In Right Hand Magic we meet Tate, who is a trust fund baby defying her socialite parents by choosing the path of an artist, in her case an artist who builds sculptures out of metal.  When the book begins Tate has recently broken up with her boyfriend and is looking for someplace new to live, particularly if the rent price is right and she finds the right rent in the area of the city known as Golgatham.  We’re not given a LOT of background about how magic came into the world, but it’s enough to know that the supernatural exists and that it is untrusted and generally confined within Golgatham.  Usually humans aren’t welcome there, but Tate is desperate for change and at $750 a month she figures it’s worth trying something a little weird.

From this beginning Tate meets her witch born landlord, his obnoxious winged cat familiar, a cellar dwelling seer and a new housemate in the form of a were cougar escaped from the underground fighting pits.  The plot is fairly predictable, but I didn’t mind going on the journey to see just how it’d be achieved.  Tate is a really fun heroine with a spunky attitude, that never crossed over to being mean.  She is not a ‘kick ass’ heroine in the traditional UF sense of killing everything that gets in her way.  More she’s just confident in herself and works hard to achieve her goals and to take care of the people around her.  At one point she’s captured by the protagonist and even though she can’t do much, she does take the opportunity to stomp his foot and kick him in the shins, which is pretty much what I think most people would do.
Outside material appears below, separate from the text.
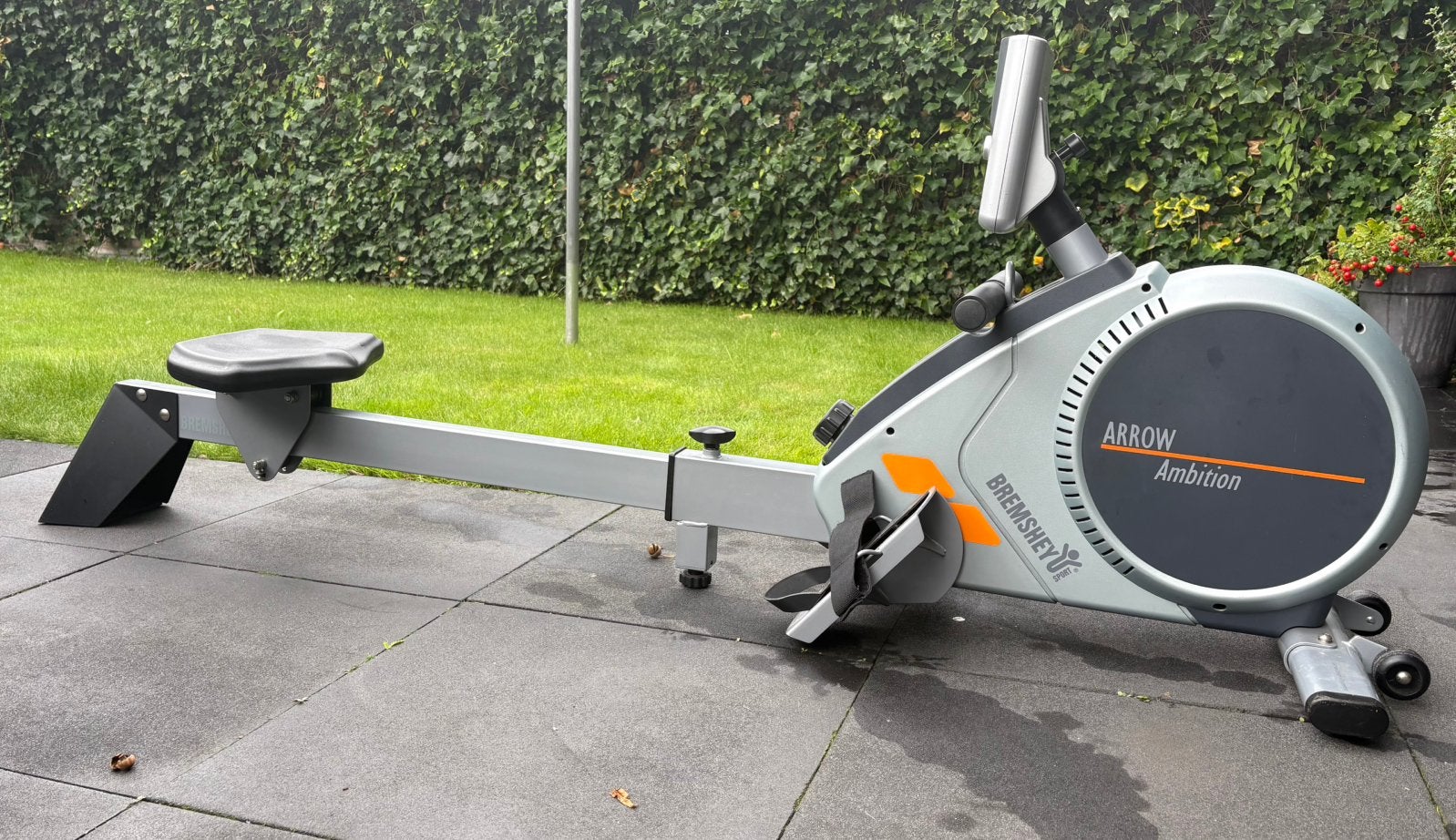 roeitrainer Bremshey roeien tot 135kg gewicht INSCHUIFBAAR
Likewise the romance is cute and sweet.  You can tell it’s coming, but Tate and Hexe are cute together and it’s satisfying.   I appreciate Hexe’s characterization and his strength of person as well.  In fact the majority of the secondary characters are well done, which really rounds out the world and makes the bits that would be less believable something I’m willing to suspect disbelief for.

The magic system is fun consisting of natural abilities that come with race and then the witches, who practice Right Hand Magic, Left Hand Magic or some combination of the two.  Right Hand Magic is gentle magic, usually used for healing and blessing and undoing dark magic, where Left Hand Magic would be the a fore mentioned dark magic.  Most witches tend towards Left Hand Magic or the middle ground, but Hexe has chosen a path of only Right Hand Magic, no matter how hard it is to hold that road.

This book read fast and I’m looking forward to the next installment.

Genre:  Urban Fantasy/Paranormal Romance

Age: Late Teen/Adult

Content:  Very mild Sexuality, violence, language

Overall:  4/5

Book Review: Of Saints and Shadows April 29, 2011

Posted by Realitybypass in Book Review, Urban Fantasy.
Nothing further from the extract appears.